Se montrer prévoyant, faire preuve de vigilance, mener droit le navire, ce sont quelques-uns des aspects essentiels de la mètis du navigateur. Plongé dans la mouvance de la mer, l’homme de barre met toute son intelligence à corriger les écarts du navire à coups de gouvernail et à diriger sa course en se guidant sur les points de repère que les astres lui tracent sur la voûte du ciel. Diriger, redresser, mener droit, ce sont des expressions banales dans le vocabulaire de la navigation, mais leur banalité même souligne, dans l’art du pilote, l’importance d’un projet qui est tout autant habileté à prévoir la route que capacité de fixer le regard sur le terme ultime de la course (216)
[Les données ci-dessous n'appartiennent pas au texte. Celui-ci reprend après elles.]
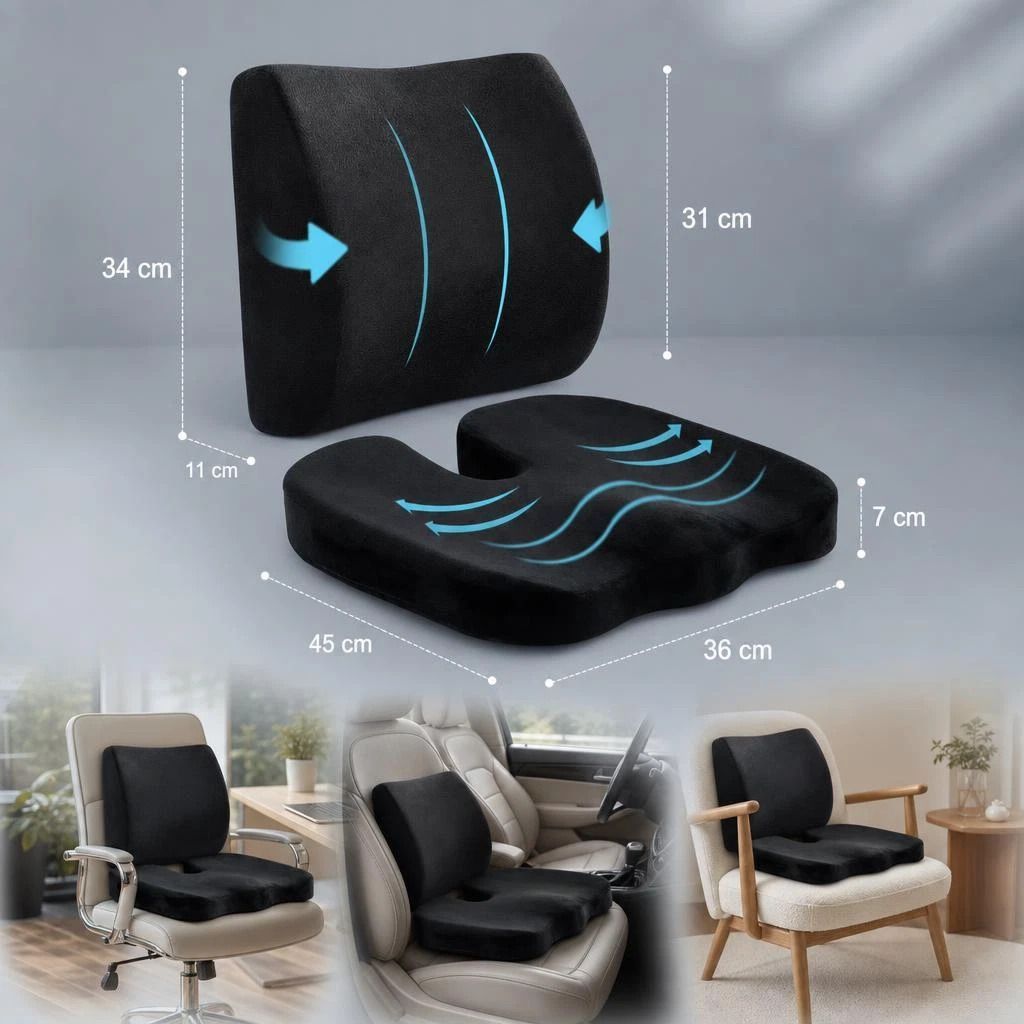 Black Crystal Velvet Seat Lumbar Cushion Pack 45x36x7, Ultra Soft Dual Support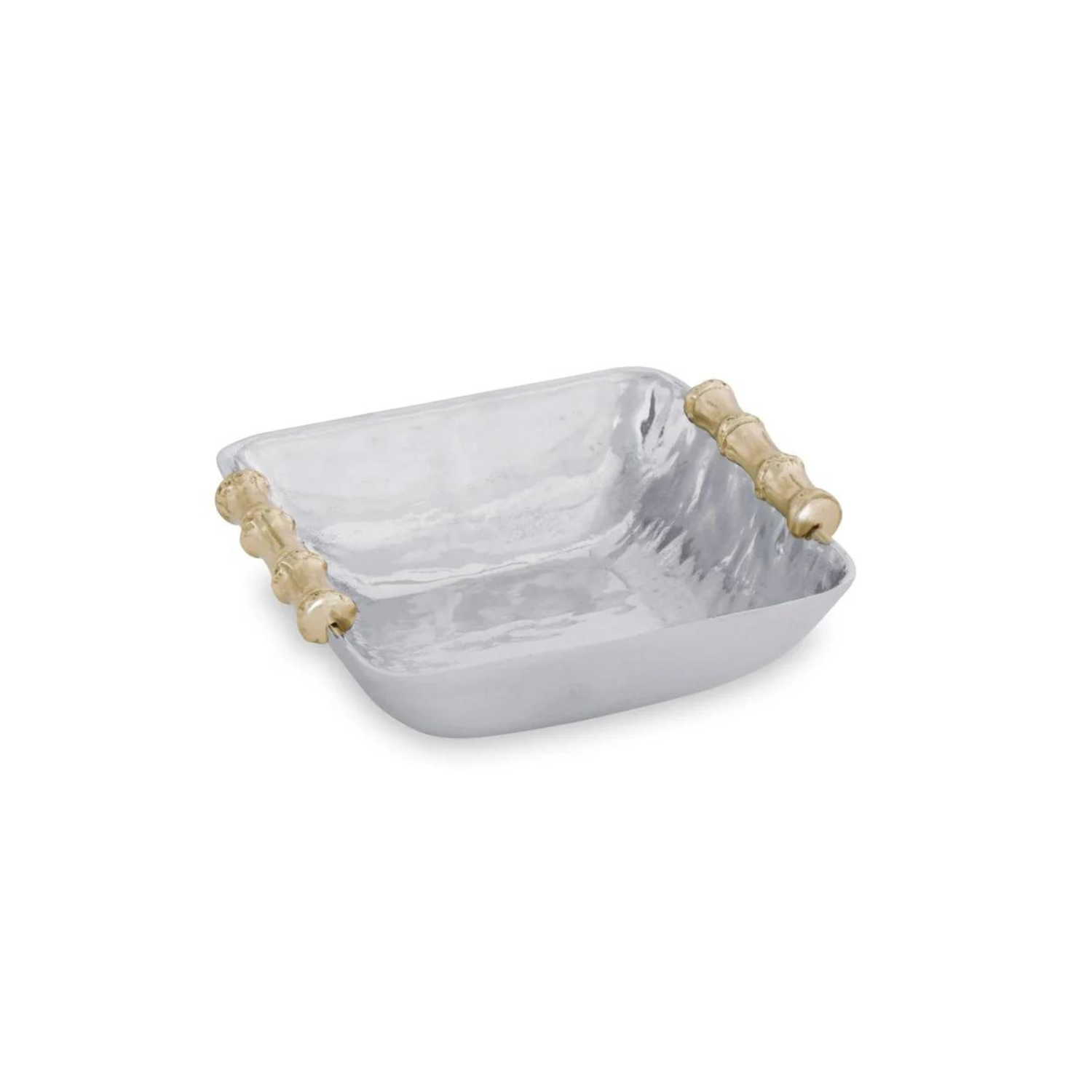GARDEN Bamboo Square Bowl with Gold Handles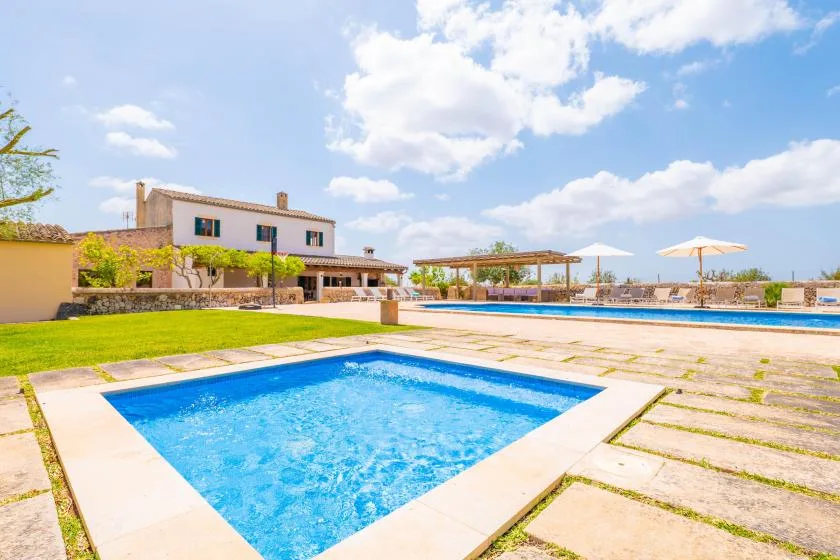 An outdoor swimming pool sits in a landscaped courtyard beside a low building.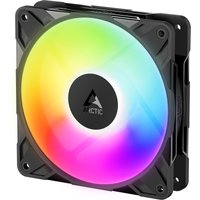 Black ARCTIC Freezer P12 Pro 120 mm fan with vibrant A-RGB lighting and cable splitter.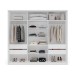 Guarda-Roupa Casal Lisboa 3 Portas 4 Gavetas com Espelho Branco/Verde - Politorno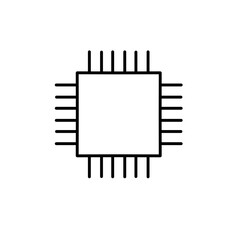 Simple Chip Line Icon 
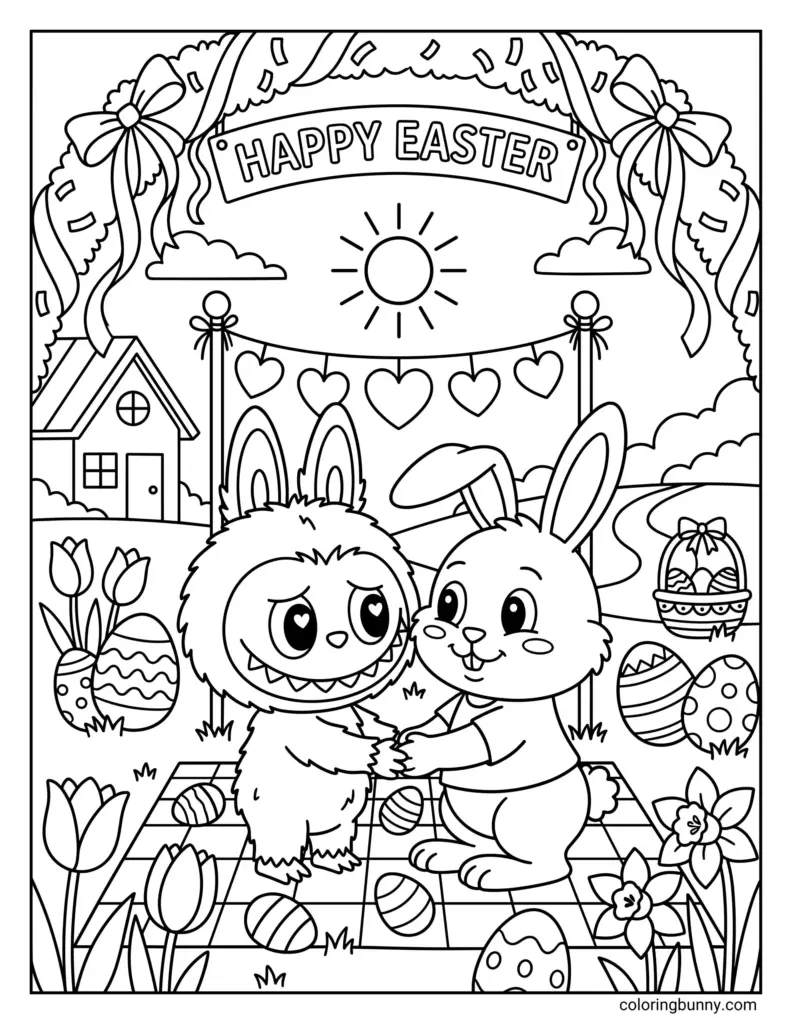 Easter coloring page showing a rabbit and a fluffy character holding hands on a picnic blanket, surrounded by decorated eggs, flowers, and a “Happy Easter” banner.
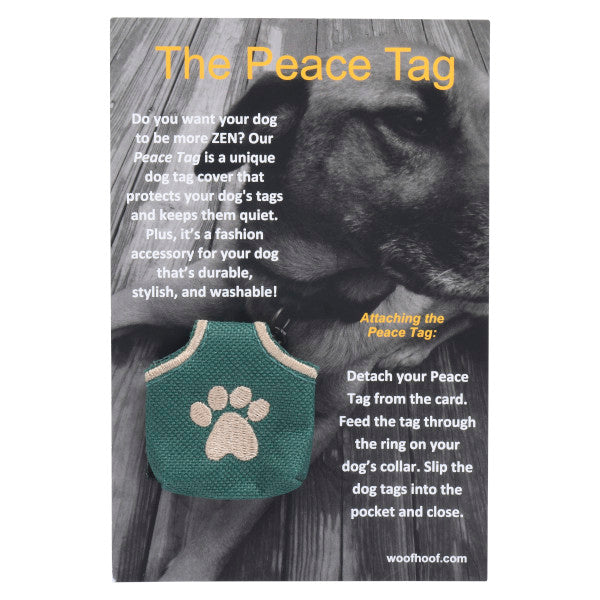 WoofHoof Dog Tag Cover, Green Paw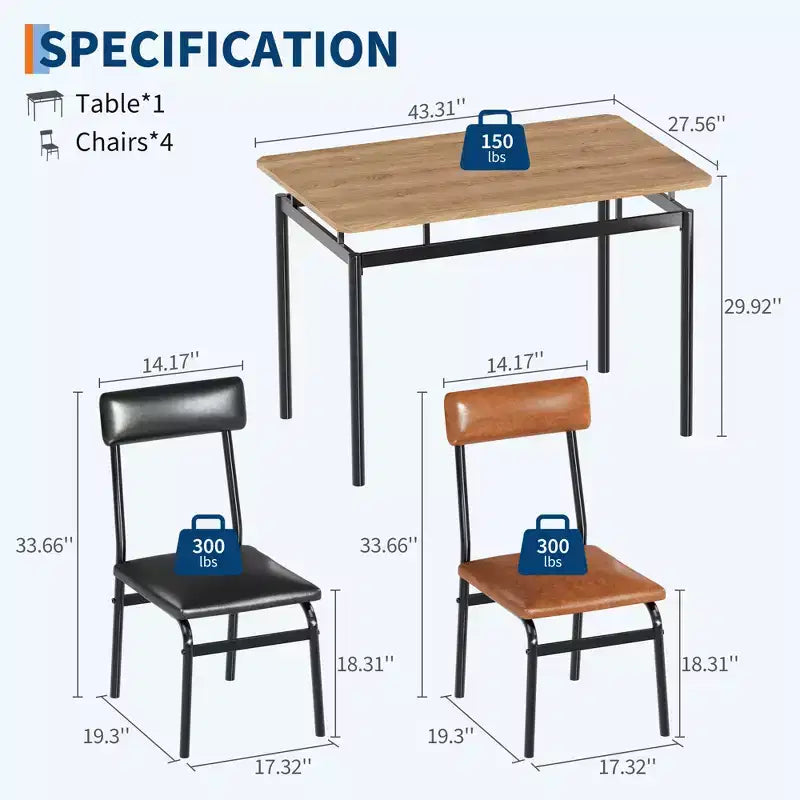 Ensemble table et chaises 5 pièces, plateau imitation bois grainé marron, chaises en PU marron et noir, structure en métal, compact, montage facile, pour cuisine/salle à manger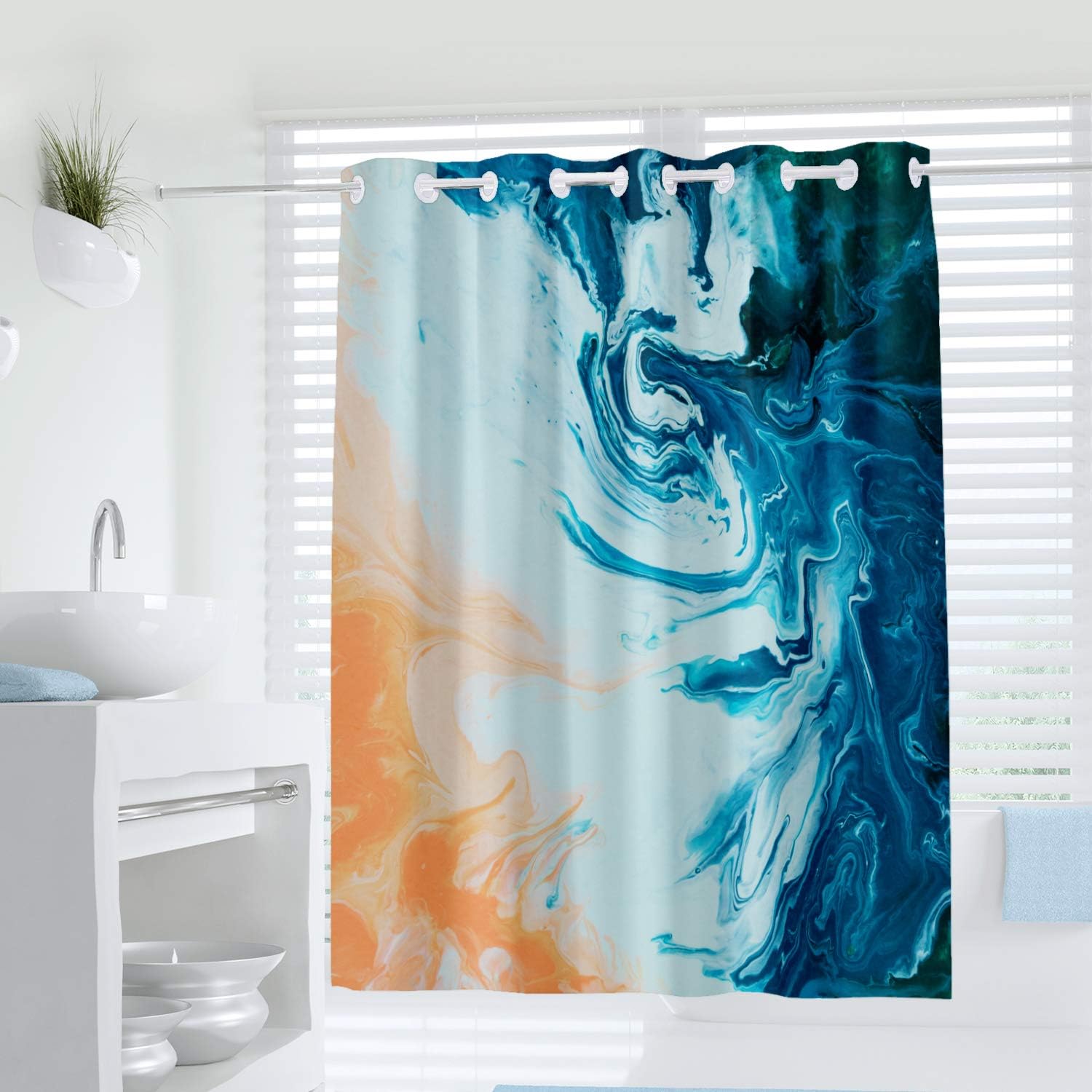 Abstract Art No Hook Shower Curtain, Fantasy Coral Sand Beach and Ocean Waves Print Curtain for Bathroom Decor,Waterproof Fabric Bathtub Showers 72 x 72 Inches,Blue Orgnge White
Dans leur analyse de ce que nous avons jusqu’à présent appelé l’intelligence pratique, Platon et Aristote discernent deux qualités majeures, qui se combinent pour dessiner le modèle conceptuel le plus apte à prouver que la mètis procède obliquement, qu’elle va droit au but par le chemin le plus court, c’est-à-dire par le détour.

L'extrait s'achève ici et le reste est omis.